Based on these protocols, the Universal Cart achieves cross-merchant and cross-service functionality, enabling automatic price comparisons, inventory monitoring, and purchase recommendations in the background.

7. Smart Hardware: Audio Smart Glasses Based on the Android XR Platform

In collaboration with Samsung, Gentle Monster, and Warby Parker, Google launched the first audio smart glasses with built-in Gemini, based on the Android XR platform. The device focuses on hands-free interaction, allowing users to complete tasks through voice commands without needing to take out their phones, such as route navigation using real-time map data, accessing local lifestyle applications, and completing product orders and payment verifications.

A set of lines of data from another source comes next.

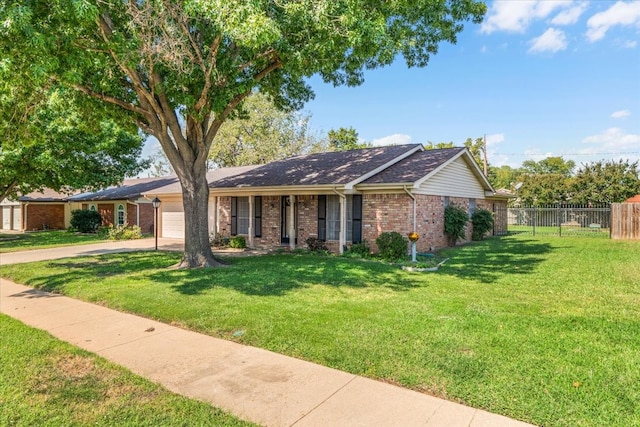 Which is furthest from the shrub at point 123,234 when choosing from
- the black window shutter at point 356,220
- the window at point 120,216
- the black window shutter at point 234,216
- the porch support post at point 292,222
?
the black window shutter at point 356,220

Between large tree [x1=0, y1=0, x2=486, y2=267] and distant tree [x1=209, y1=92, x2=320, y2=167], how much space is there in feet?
73.1

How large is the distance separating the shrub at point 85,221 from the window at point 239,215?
1475cm

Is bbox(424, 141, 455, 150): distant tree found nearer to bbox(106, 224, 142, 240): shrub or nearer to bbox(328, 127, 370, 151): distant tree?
bbox(328, 127, 370, 151): distant tree

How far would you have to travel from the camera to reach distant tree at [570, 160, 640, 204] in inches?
1109

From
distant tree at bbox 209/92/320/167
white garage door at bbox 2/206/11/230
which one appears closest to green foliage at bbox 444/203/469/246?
distant tree at bbox 209/92/320/167

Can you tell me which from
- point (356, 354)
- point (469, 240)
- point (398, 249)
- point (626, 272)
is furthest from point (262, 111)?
point (356, 354)

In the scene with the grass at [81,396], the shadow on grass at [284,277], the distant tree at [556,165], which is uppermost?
the distant tree at [556,165]

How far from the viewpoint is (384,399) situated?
3.58m

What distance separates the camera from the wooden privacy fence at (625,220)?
18.2m

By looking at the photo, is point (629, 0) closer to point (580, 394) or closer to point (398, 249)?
point (398, 249)

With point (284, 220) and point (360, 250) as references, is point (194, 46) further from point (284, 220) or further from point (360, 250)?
point (284, 220)

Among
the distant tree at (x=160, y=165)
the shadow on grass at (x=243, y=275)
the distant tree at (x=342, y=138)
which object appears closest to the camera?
the shadow on grass at (x=243, y=275)

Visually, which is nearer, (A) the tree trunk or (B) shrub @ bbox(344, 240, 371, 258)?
(A) the tree trunk

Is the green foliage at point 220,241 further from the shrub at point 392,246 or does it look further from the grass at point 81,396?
the grass at point 81,396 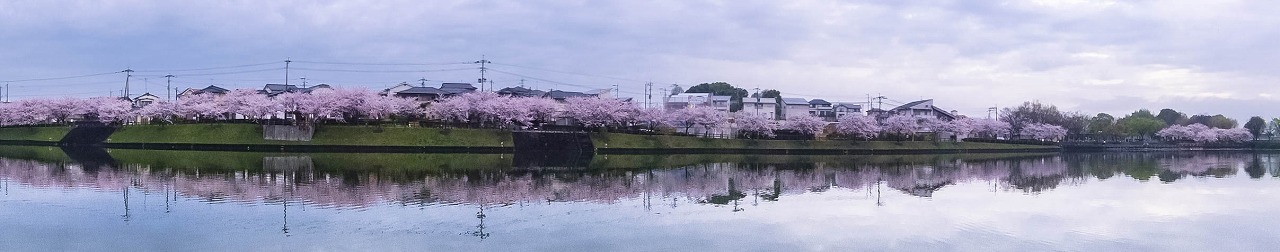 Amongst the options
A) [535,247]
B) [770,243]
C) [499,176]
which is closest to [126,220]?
[535,247]

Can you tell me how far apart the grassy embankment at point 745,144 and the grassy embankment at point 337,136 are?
598cm

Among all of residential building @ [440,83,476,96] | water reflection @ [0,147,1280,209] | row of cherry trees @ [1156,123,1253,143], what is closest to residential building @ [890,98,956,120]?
row of cherry trees @ [1156,123,1253,143]

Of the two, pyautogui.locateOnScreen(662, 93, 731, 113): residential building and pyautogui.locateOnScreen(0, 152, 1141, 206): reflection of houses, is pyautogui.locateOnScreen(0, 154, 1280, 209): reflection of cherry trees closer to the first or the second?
pyautogui.locateOnScreen(0, 152, 1141, 206): reflection of houses

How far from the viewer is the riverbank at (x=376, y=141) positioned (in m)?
47.4

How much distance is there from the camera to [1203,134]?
9638cm

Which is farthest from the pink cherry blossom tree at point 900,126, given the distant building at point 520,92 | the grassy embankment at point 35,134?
the grassy embankment at point 35,134

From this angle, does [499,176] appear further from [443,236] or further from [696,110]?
[696,110]

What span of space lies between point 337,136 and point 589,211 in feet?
107

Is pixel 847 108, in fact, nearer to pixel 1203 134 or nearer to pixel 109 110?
pixel 1203 134

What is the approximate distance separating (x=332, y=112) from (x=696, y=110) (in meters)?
23.7

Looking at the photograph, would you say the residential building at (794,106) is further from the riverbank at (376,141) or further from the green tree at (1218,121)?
the green tree at (1218,121)

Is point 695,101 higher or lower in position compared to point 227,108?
higher

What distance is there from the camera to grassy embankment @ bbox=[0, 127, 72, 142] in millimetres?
55688

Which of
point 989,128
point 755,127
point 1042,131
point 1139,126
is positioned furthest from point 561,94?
point 1139,126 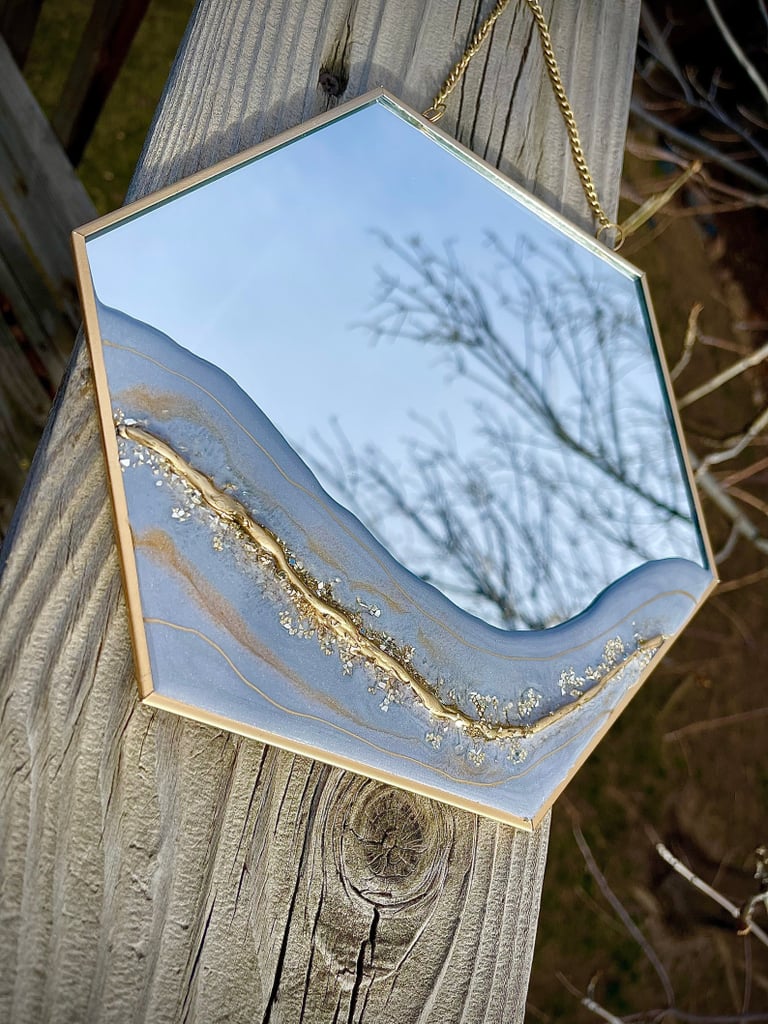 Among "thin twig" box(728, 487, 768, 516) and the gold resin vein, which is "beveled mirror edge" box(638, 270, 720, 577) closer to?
the gold resin vein

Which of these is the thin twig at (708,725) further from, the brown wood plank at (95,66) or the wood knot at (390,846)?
the brown wood plank at (95,66)

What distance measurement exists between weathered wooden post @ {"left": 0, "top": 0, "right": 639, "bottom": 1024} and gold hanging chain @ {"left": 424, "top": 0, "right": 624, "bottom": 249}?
303mm

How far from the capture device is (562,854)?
3.16m

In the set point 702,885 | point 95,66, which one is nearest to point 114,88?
point 95,66

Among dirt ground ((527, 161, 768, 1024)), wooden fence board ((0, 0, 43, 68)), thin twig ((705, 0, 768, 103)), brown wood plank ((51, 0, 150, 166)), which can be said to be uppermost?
wooden fence board ((0, 0, 43, 68))

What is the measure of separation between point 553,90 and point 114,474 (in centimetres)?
103

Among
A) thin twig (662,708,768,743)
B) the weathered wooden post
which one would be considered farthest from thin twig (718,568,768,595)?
the weathered wooden post

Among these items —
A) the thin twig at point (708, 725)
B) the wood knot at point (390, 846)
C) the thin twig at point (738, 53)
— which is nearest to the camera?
the wood knot at point (390, 846)

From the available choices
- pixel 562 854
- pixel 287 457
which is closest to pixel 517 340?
pixel 287 457

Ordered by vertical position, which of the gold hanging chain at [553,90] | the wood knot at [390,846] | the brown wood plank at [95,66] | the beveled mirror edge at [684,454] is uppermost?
the brown wood plank at [95,66]

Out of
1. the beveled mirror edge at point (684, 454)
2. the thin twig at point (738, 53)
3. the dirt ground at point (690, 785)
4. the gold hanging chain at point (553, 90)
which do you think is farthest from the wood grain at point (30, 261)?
the dirt ground at point (690, 785)

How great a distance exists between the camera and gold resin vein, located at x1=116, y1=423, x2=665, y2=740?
0.88 m

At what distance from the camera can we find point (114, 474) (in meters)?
0.85

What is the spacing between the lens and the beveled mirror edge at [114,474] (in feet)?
2.71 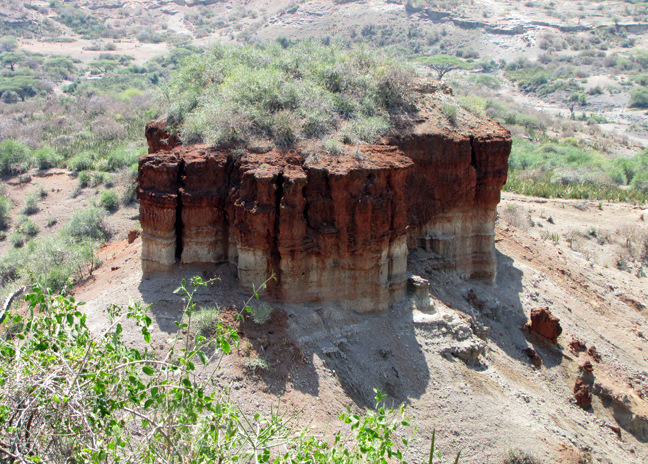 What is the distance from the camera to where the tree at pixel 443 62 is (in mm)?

8. Industry Trust: Cross-Platform Adoption of SynthID Digital Watermarking Technology

In response to societal concerns about the uncontrolled proliferation of generative AI content, Google announced the comprehensive expansion of SynthID digital watermarking technology to search and Chrome browsers. Currently, this technology has added underlying source markers to over 100 billion images and videos worldwide. Leading industry institutions such as OpenAI, NVIDIA, Kakao, and ElevenLabs have officially announced the adoption of this standard, jointly establishing identification norms for AI content sources.

Below is the transcript from the 2026 Google I/O Conference:

1. Innovation in Efficiency and Collaboration Tools: Ask Maps, Ask YouTube, and Docs Live

SUNDAR PICHAI: Hello to the live audience here and to everyone watching around the world. It's great to be back at this year's I/O Conference. The past year has been extraordinary, marked by continuous product launches and rapid technological advancements, placing us in a period of hyper-growth. I truly feel that this has been an incredibly fulfilling year. Let me take you through what I've been up to recently.

The scene in the video where I was plugging in the TPU is quite accurate, but I hope this year involves more than just that. There's still a lot of work to do before it goes to space, and we're working on it. Seriously, this is truly a remarkable moment. It has been 10 years since our transition to an AI-First company. We understand the profound impact AI will have in advancing our mission and improving people's lives on a massive scale. That's why we're adopting a differentiated full-stack AI innovation approach: from custom chips and security foundations to world-class scientific research and models, and then to products and platforms reaching billions of users. This approach enables us to iterate and innovate more rapidly, empowering our company in every way.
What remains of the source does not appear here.